パブロ・ピカソ「青の時代」の肖像画に謎の女性が隠されていたことが、ロンドン大学コートールド美術研究所の調査で明らかになった。青の時代に関する研究は多いが、まだまだ知られざる事実が残されているようだ。

パブロ・ピカソ《マテウ・フェルナンデス・デ・ソトの肖像》(1901)。右の白黒画像では画面右上に女性の頭部が見える。 Photo: Courtesy Courtauld Institute of Art

パブロ・ピカソの《マテウ・フェルナンデス・デ・ソトの肖像》(1901)から、謎の女性像が発見された。この絵には、ピカソのキャリア初期、メランコリックではあるが様式的に極めて重要な時期である青の時代(1901年から04年)に親交のあったスペインの彫刻家が描かれている。X線および赤外線による調査分析を行ったのは、ロンドン大学コートールド美術研究所の保存修復専門家だ。

青の時代の3年間にピカソは伝統的な画風から抜け出し、表現力豊かな筆致とブルーグリーンの陰鬱な色彩を駆使するようになった。この時期の作品は人気が高く、研究対象として取り上げられることも多い。

《マテウ・フェルナンデス・デ・ソトの肖像》は、その制作年と構図から特によく知られた作品で、同年に自ら命を絶った友人のカルレス・カサヘマスへの追慕が込められているとされる。カサへマスの死で失意のどん底に突き落とされたピカソは、青を基調とした暗い色使いの絵を描くようになった。

今回の調査結果では、もともとデ・ソトの肖像を描くつもりでこのカンバスを用いたのではなかったことが示唆されている、新たに発見された女性は、その数カ月前に描かれた可能性が高いからだ。また、この女性はパリジェンヌの間で当時流行していたシニヨンスタイルに髪をまとめているが、これに似た人物が同じ年の肖像画、《アブサンを飲む女》(エルミタージュ美術館蔵)や《Femme aux Bras Croisés(腕を組む女)》(バーゼル美術館蔵)にも登場する。

さらに、デ・ソトの肖像画は何度か修正されており、当初は青の時代以前の活気ある印象派スタイルで描かれた可能性があることも調査結果に記されている。

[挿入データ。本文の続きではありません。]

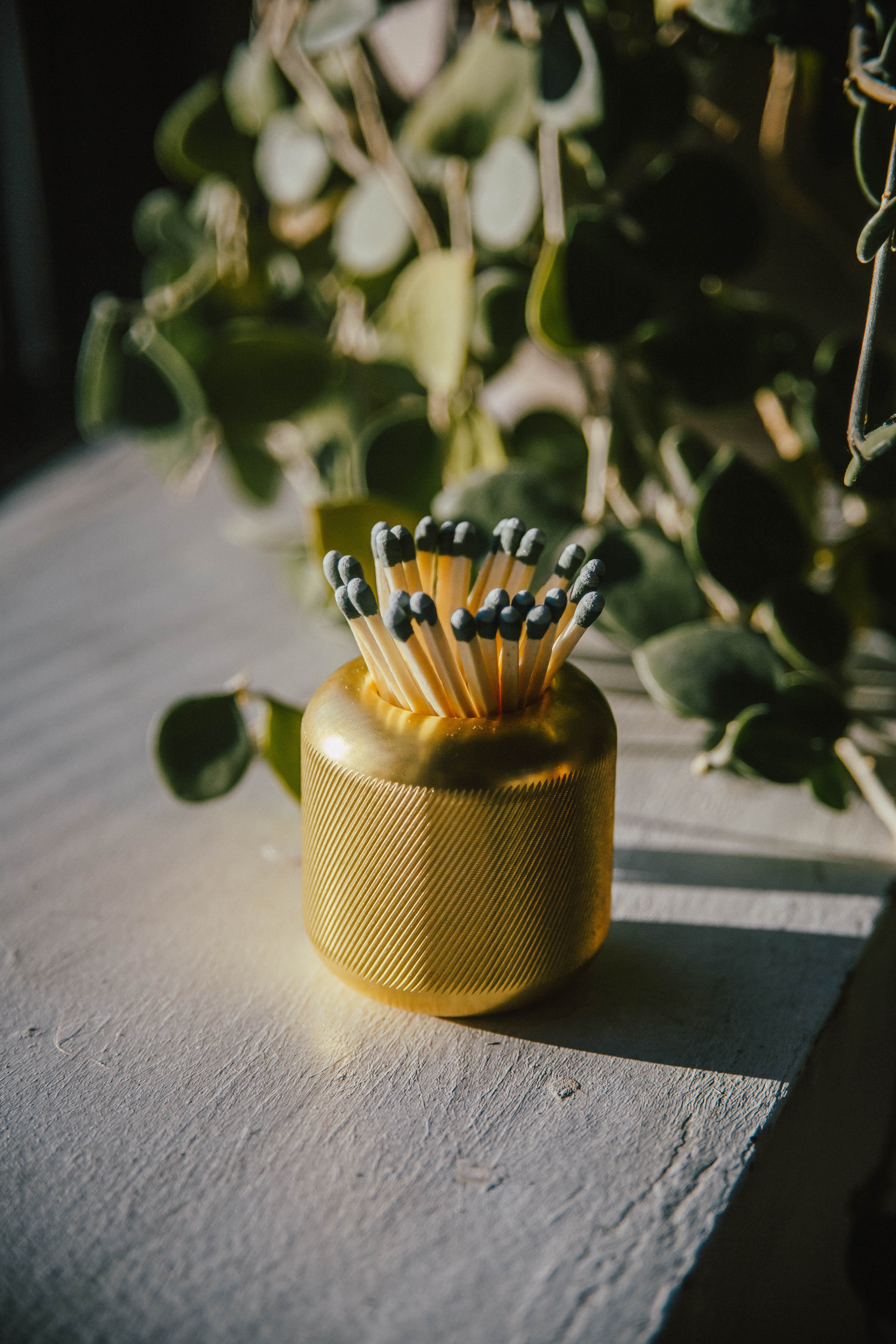 Match Striker | Craighill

コートールド美術研究所は、この女性について声明で次のように述べている。

「さらなる調査分析によって、謎の女性の詳細が明らかなるかもしれませんが、誰であるかを特定できるかは断言できません。ピカソがパリのナイトライフを描いた色彩豊かで印象派的な作品のためにポーズを取ったモデルか友人、あるいは恋人であったかもしれませんし、たまたまバーに座っていた物憂げな女性だったかもしれません」

同研究所併設のコートールド美術館で副館長を務めるバーナビー・ライトは、デ・ソトの肖像画における絵の具の跡や質感から、専門家の間では以前から下に別の絵があることが推測されていたとし、自身の声明でこう付け加えている。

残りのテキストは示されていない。